The Wyatt seen through The Lovejoy (new Safeway and condos) construction site.
Portland State University’s Center for Real Estate’s third Quarter Report can be viewed here. Since we’re just talking about the Portland condo market in this post, this is the applicable chapter by Greg LeBlanc.
No real surprise that it isn’t pretty. We’ve already talked about the Wyatt being converted to apartments and that the entire project has been sold by Bob Ball to an unnamed buyer. There are massive amounts of new units coming online in the next year and the market has slowed both in number of units sold and the average selling price per square foot. It will be interesting to see if the Wyatt gets converted to condos. There has often been some backlash on apartment to condo conversion that was originally built and planned as apartments. These were designed and built as condos and became apartments. Will there be a “conversion stigma?” The market (especially current owners) should also breathe a collective sigh of relief that there are 244 few condos in the market. Will other developments head the same direction? Are there enough renters out there to fill the void left by buyers? It is impressive that the average sales price in the Pearl District is $427/SQFT.
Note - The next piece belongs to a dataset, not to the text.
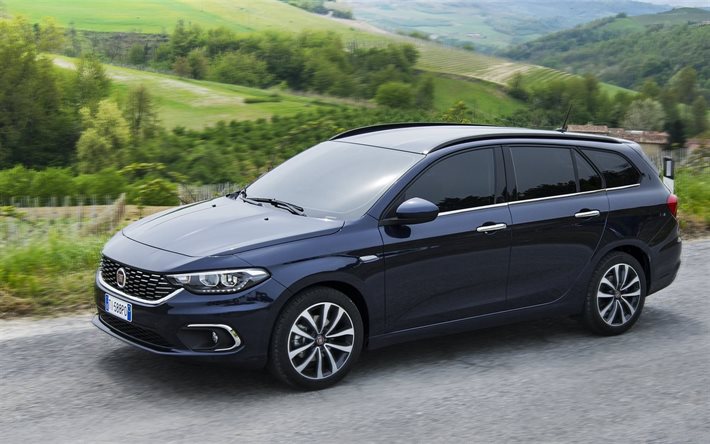 les wagons, sur route, en 2016, la Fiat Tipo, break, bleu fiat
I agree that the Wyatt will be interesting to follow.
The Wyatt had a unique disadvantage while they were trying to sell condos: The crumbling Marshall-Wells building, built by the same developer, was sitting right across the street with a highly visible plastic tarp covering the entire South side of the building.
Having previously owned a loft in the Marshall-Wells building, my guess is that the Wyatt will be plagued with construction defects and basic design flaws (bedrooms under staricases, next to elevator shafts or garbage disposals, etc.) If I had been a renter in Marshall-Wells, I would’ve broken my lease and moved out after three months.
Unlike condo owners, people who rent have no compunction about simply leaving when the product turns out to be sub-par, and also unlike condo owners, they have no incentive to keep their experience a secret. If the Wyatt develops a poor reputation among renters, that will impact its potential as a condo re-conversion sometime in the future.
I was driving over the Fremont bridge on Saturday and saw all of those cranes in the Pearl district. All those new condos under construction to add to an already glutted market. It’s a disaster in the making…
And then there’s the South Waterfront disaster…
BTW: WaMu under investigation now for improperly pressuring appraisers. The confluence of events right now isn’t looking good for WaMu.
Couldn’t happen to a more deserving city.
Fortune just released the “25 real estate market poised to fall.” Portland is #23 and home prices are predicted to fall by 19% over the next 5 years. The prediction is based on price/rent ratios, which is the same thing I used for my guesstimate of a 20% drop (it’s nice to have Fortune double-check your math for you 🙂 )
Fortune Article(link fixed by editor).
Leo: What about median price to median houshold income ratios? With tightening lending standards that ratio will be forced to go down closer to 4:1 or perhaps even less. price/rent is an important factor as well.
Over five years I’m guessing it’ll be closer to a 25% to 30% drop (in inflation-adjusted terms)…. unless the economy really tanks hard as a result of all this, in which case all bets are off.
I agree with TiP. We should see a correction greater than 20% as tighter lending standards push the cost of ownership higher vs renting. Also, expect the market to overreact to the contraction just as they did to the expansion.
As for the condos- That’s interesting insight about building a bad reputation at the Wyatt, Leo. However, for conversions in general, I think that the right apartments can be successfully converted (in the right market) without backlash. The Lexis, coincidentally across the street from the Wyatt, was converted and only sells for slightly less than average psf because the finishes aren’t quite as nice as the real condos. The key is they aren’t cookie cutter dumpy apartments, you really feel like you are in a condo and not a section 8 with aluminum carports that just got granite countertops.
Actually, I thought units in the Lexis were selling for significantly less than other condos. It’s not concrete and steel construction, and I’ve heard from former renters in that building that the noise insulation is quite poor. It’s more than just a difference in fancy countertops and kitchen cabinets …
You’re probably right about overcorrecting prices. The price/rent ratio is just a nice, stable number that already has all other kinds of factors built into it, so that long-term, I always expect to return to that number (the equilibrium). More likely than not, prices will overshoot before they stabilize at the historical equilibrium.
I guess I was just kind of surprised that my anecdotal dataset for price/rent gave the same number as the Fortune study, which probably used a much more rigorous dateset.
One thing I noticed when looking at condo websites with floor plans is the % of “one bedroom” units where the sleeping area is actually an alcove. I wouldn’t want to live like that. If you were going to buy a condo wouldn’t you want a REAL bedroom??
Talk about white elephants!!
I wonder what % of the down town condo housing stock is studio/sleeping alcove?
Another observation: The report linked above contains an interesting discussion about downtown resident parking availability. I have an issue with the economic assumptions there, such as the statement that a parking spot adds $50,000 to the value of a condo and that residents would exercise an option to rent at $165/mo. OUCH!!